私にとって教会の教えとは、1997年にラテン語規範版として公布されたものの日本語訳である「カトリック教会のカテキズム」と、2003年に発行された日本版要理書「カトリック教会の教え」である。その中で、もとは天使であったとされる悪魔、サタンに関する記述については、悩ましい問題だった。解説に矛盾を感じてどうしても自分のものにならず苦しんだ。 

そんなある日、私は、1981年に訪日した聖ヨハネ・パウロ二世教皇の、広島でのスピーチを思い出した。その冒頭には、「戦争は人間のしわざです」という有名な言葉がある。わたしの注意は、「人間のしわざ」という部分に集中していった。

つづく

Maria K. M.


2024/04/15

139. 神の家

このごろ、このブログを見ていてくださる数人のヨーロッパの方々から、悪霊や悪魔に関する私の考えが、教会の教えに沿っていないとの親切なご注意を頂いた。そこで、これらについて少し時間を取って考えてみたい。私も含め、日本人のキリスト者のほとんどは、成人洗礼である。その体験を聞くと、初めに神との出会いがあって洗礼に至っていることがよくある。私の場合、それは6歳のときに遡る。 

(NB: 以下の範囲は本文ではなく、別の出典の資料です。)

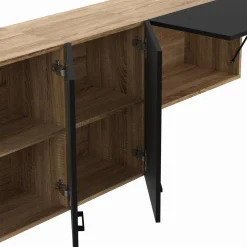Cuisine complète 180 cm avec plan de travail bois et noir*IDMarket Clearance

ある日、私はいつも遊んでいた公園の隅に、当時の自分にとっては、とても険しい崖がそそり立っているのが気になりだした。私は、ちょうど近くを通った大人に、この崖の上には何があるのかと尋ねた。その人は、「神の家がある」と言って去っていった。それで私はそれがどうしても見たくなって、友人たちが止めるのも聞かずに一心不乱に崖を登り始めた。 

東京カテドラル聖マリア大聖堂

頂上に着くと今度は目の前に高いフェンスが現れた。その向こうは木々や雑草に覆われていて先が見えない。私はそのフェンスも登り始めた。しかし、途中で、ふと、もし犬がいたらどうしようという考えが起こった。もっと小さいころ、かまれた経験から犬が苦手だったのだ。そう思いだすと、向こうの茂みから犬の吠える声が聞こえてくる気がしてきた。 

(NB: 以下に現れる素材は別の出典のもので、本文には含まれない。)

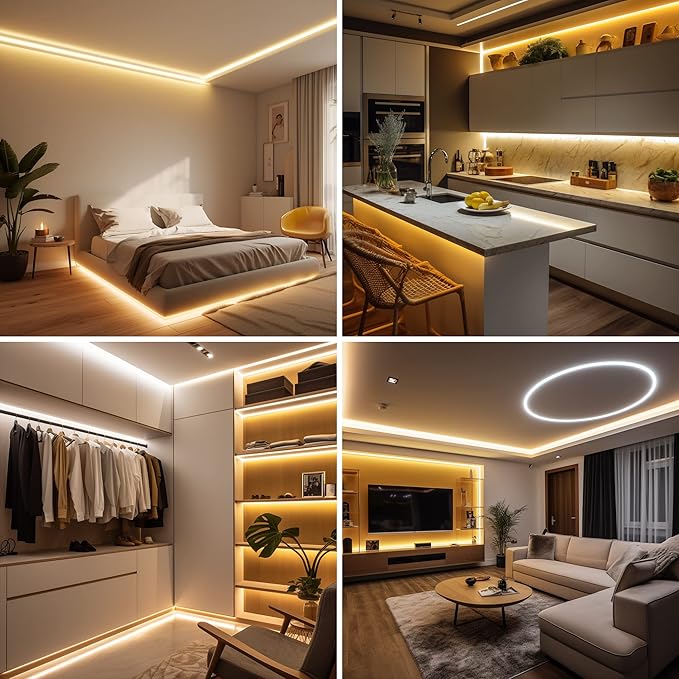 32.8ft COB LED Strip Light Warm White, High Bright LED Strips with 320LEDs, RF Remote and UL Power Supply, 3000K Dimmable LED Lights for Bedroom,Kitchen, DIY Home Decoration, 2 Rolls of 16.4ft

私はしぶしぶフェンスを降りて、振り返り、自分の登った崖の上から下を見た。すると、心配そうに見上げる二人の友達の顔が小さく丸く見え、足がすくんでしまって降りられない。そのとき、「登ったように降りて!」という声が聞こえた気がして、私はそれに従って、後ろ向きになってゆっくり降りて無事地面に足がついた。

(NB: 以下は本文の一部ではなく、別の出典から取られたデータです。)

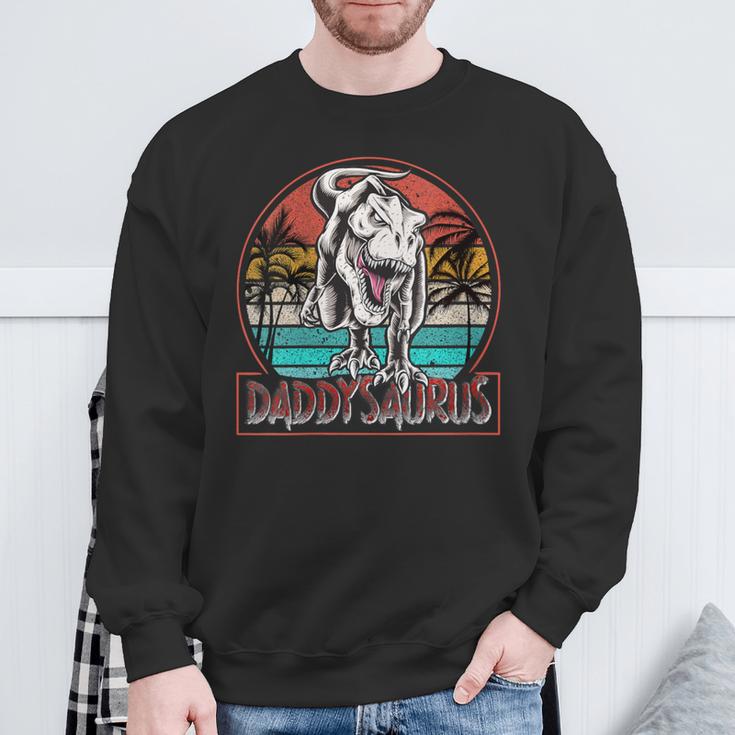 Damen Dino Daddysaurus Papa PapasaurusRex Mit-Ausschnitt Sweatshirt Geschenke für alte Männer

後日、別の子どもがその崖に登って落ちてけがをしたものだから、この崖登りは学校から厳しく禁止された。私は、犬が怖くてフェンスを降りたことをいつまでも後悔した。ずいぶん後になって、そのフェンスから先はホテルの敷地で、その正面には、東京カテドラル聖マリア大聖堂が建っていることを知った。

聖アンセルモ教会
その頃日本では、クリスマスに教会に行くことが流行っていた。その年のクリスマス・イヴに、母も友人に誘われて教会に行くことになった。私も連れていかれた。それは東京の目黒にある聖アンセルモ教会であった。私は教会に入った途端、口では言い難い強い気持ちが起こって、ミサが終わると母の友人に、私もあなたみたいになるにはどうしたらいいのかと尋ねた。彼女は、洗礼を受けたらなれますよと喜んで答えた。その瞬間、「私は洗礼を受けます」とはっきり言った自分の声を今も思い出すことができる。母が振り返って、「とんでもない!絶対にダメです」と言った厳しい声と共に。その当時、母は、私にとって、神のような存在だった。私は黙って下を向いてもう何も言わなかった。私は7歳になっていた。

下井草教会

やがて10歳になった時、私の家族は、東京の郊外に引っ越した。仲良しの友達とお別れして、新しい学校へ初めて行った日は雨が降っていて、私は先を行く母の後をのろのろと付いて行った。そして、大きな通りを渡る歩道橋に上った時、私は驚きで立ちすくんでしまった。目の前に見えた学校の校舎のすぐ後ろに、十字架がついた高い教会の塔が見えたのだ。サレジオ会の下井草教会だった。私は大人になって、家族の誰にも相談せずにこの教会で洗礼を受けた。私にとって神とはこのような方であった。

つづく

Maria K. M.


 2024/04/08


138. 見ないで信じる者

次のミサ典礼へと向かう日常のルーティンを生きる信者たちのたどる道は、悪霊たちに「王たちの道」(黙示録16:12)と映る。このため、「全能者である神の大いなる日の戦い」(16:14)に向かう悪霊たちを引き寄せる(本ブログ№56参照)。 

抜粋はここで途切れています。